Tomorrow the US employment report (non-farm payrolls) for February will be released. Every month (usually on the first Friday of the month, but not always) the Bureau of Labor Statistics publishes these numbers, and they’re generally watched very closely. As traders, we’ve been told to fear the volatility of NFP days. Why? The idea is that this announcement moves markets when unemployment is high because there is a desire for more employment to spur the economy – with more people working there will be more consumption, higher GDP, higher taxes, etc…
On the flip side, when unemployment low, there is less desire for increased employment so that demand-pull inflation doesn’t set in ala the Phillips curve (if everyone is making good money, they’ll bid up the prices for goods and services). So, 7:00 AM CST on these Fridays is usually expected to be a volatile time for bond markets (as well as Crude and other risk on/off assets at times) – the theory being that if employment is a canary in the coal mine for problems, Fed actions will follow shortly thereafter to correct imbalances. We wanted to see how this bears out in practice…

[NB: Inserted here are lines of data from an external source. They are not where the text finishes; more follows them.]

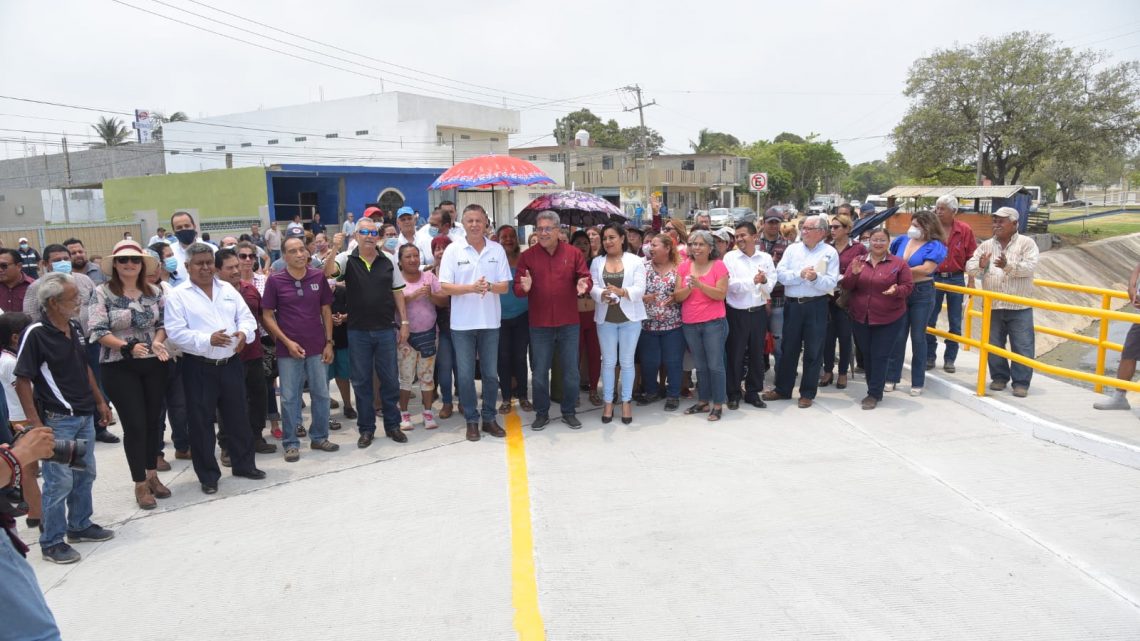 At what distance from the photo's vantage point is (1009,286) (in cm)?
773

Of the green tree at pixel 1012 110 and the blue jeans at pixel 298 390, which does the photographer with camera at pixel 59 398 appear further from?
the green tree at pixel 1012 110

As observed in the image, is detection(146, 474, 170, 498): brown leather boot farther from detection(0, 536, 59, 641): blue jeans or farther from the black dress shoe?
detection(0, 536, 59, 641): blue jeans

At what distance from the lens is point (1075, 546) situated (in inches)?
166

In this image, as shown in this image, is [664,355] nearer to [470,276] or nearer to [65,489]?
[470,276]

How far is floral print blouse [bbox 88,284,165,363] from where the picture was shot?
16.3 feet

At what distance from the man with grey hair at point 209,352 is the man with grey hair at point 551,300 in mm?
2350

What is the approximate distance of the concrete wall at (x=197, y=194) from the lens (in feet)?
85.0

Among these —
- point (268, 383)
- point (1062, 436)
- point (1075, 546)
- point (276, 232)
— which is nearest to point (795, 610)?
point (1075, 546)

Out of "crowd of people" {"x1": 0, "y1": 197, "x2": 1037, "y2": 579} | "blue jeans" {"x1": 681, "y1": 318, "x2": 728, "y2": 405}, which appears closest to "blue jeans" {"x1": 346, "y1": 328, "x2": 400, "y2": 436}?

So just how much more volatile are NFP days compared to the rest of the year? We looked at the average change in volatility on NFP days compared to the rest of the year:
Turns out the conventional wisdom is right on the money. Volatility increases on NFP days increase by 26% on average, with the largest increase in 2004 and the smallest increase in 2008. Points of interest: NFP days appear to be more of a “shock” event in years with lower overall volatility (such as in 2004) and doesn’t shift things as much in high volatility environments (such as in 2008). Also of note – SPs are the least affected among the financial markets we looked at. We don’t have a crystal ball, and can’t say what tomorrow’s report will bring… but history suggests that our NFP day volatility worries may be well-founded.